The aristocrats in Huck Finn also try to assimilate Huck into a more civilized society with eccentric norms and the satire of this group show how civilization pushed Huck away. The beginning of the novel describes Huck’s background as a country boy, but he is then forced to live with Widow Douglas and Ms. Watson. While living with these two, Huck feels out of place. One reason was because the Widow Douglas “allowed she would sivilize me; but it was rough living in the house all the time” (9). In addition, Miss Watson tried to educate Huck and teach him manners.
Huck found this very disagreeable and later attempted to escape. The aristocrats attempt at civilization caused Huck to feel slightly offended and as if he didn’t belong. He wasn’t able to enjoy the activities he liked before he was forced to live with these two caretakers. These methods of civilization used against him drove him away from society and to the river. Another aristocratic group is the Shepherdsons and Grangerfords along with their feud. During his stay with the Grangerfords, Huck encountered a feud between two families that was accepted by society.

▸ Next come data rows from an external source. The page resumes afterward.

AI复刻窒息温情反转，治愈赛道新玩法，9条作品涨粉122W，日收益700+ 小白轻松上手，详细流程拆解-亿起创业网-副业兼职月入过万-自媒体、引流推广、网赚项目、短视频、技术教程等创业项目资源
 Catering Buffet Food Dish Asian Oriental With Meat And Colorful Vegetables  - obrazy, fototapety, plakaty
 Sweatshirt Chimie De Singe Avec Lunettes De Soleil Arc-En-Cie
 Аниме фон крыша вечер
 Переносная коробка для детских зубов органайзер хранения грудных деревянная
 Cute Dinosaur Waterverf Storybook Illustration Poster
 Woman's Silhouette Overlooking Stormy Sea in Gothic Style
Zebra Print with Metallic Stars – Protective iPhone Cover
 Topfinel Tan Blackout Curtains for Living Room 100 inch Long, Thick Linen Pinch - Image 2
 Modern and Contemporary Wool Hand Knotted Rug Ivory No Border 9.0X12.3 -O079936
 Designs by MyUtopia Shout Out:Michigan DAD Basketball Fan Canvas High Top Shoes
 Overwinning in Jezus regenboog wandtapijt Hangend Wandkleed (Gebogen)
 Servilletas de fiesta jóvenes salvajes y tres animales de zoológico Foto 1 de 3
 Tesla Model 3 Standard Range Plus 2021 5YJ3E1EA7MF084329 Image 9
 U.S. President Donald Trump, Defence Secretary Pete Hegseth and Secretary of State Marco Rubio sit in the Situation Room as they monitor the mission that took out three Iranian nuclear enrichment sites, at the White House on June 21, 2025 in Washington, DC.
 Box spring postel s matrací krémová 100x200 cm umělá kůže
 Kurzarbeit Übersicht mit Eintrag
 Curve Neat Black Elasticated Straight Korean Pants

Huck experienced many mannerisms of this aristocratic family and was led to believe this way of life was ideal and perfectly normal. One mannerism that stands out to readers is that when the Grangerfords went to church, “the men took their guns along” (120). This shows that the feud and massive killing of each family’s members was accepted by the community and perceived as normal. This experience confuses Huck’s conscience at first, but when he experiences the violence and deaths firsthand, he is driven away from the community. The satire of these two character groups emphasizes the reasons for Huck’s detachment from society. The shady characters and criminals in Huck Finn are satirized for their greed and lack of morals; this satire emphasizes everything wrong with the society around Huck.
In the novel, two con artists pose as a duke and a king to rip off towns for money. The two criminals take their work to a small town and stage a fake play. The fake play is called the Royal Nonesuch and is set up to be a comedy, but the con artists end up taking the citizens money by leaving during the middle of the show (162-167). The two con artists only get worse as they travel to yet another town further down the river and learn of a rich family with a deceased sibling. The two con artists pretend to be brothers within the family and attempt to steal the family fortune from two sisters (173-176). These nefarious deeds are appalling to Huck and he desperately tries to right the wrongs of his evil acquaintances.
The con artists disgust Huck and he is able to realize the evils of society firsthand. These two characters are characterized as greed driven and lacking morals, which eventually leads to their downfall. Their satire emphasizes the darker side of society and helps readers understand why Huck wishes to escape this society. Mark Twain is able to effectively use satire to emphasize his social commentary in Huck Finn. His comedic approach to the characterization of aristocrats, rural citizens, and con artists allows him to show the effect of society on Huck and how each group molds his conscience.
These groups’ actions shape Huck’s view of society. This satire also reflects ideas in the real world and makes the book able to be applied generally to modern situations. Huck Finn is a book in which the satire and characterization used by Mark Twain reinforces his main social commentary.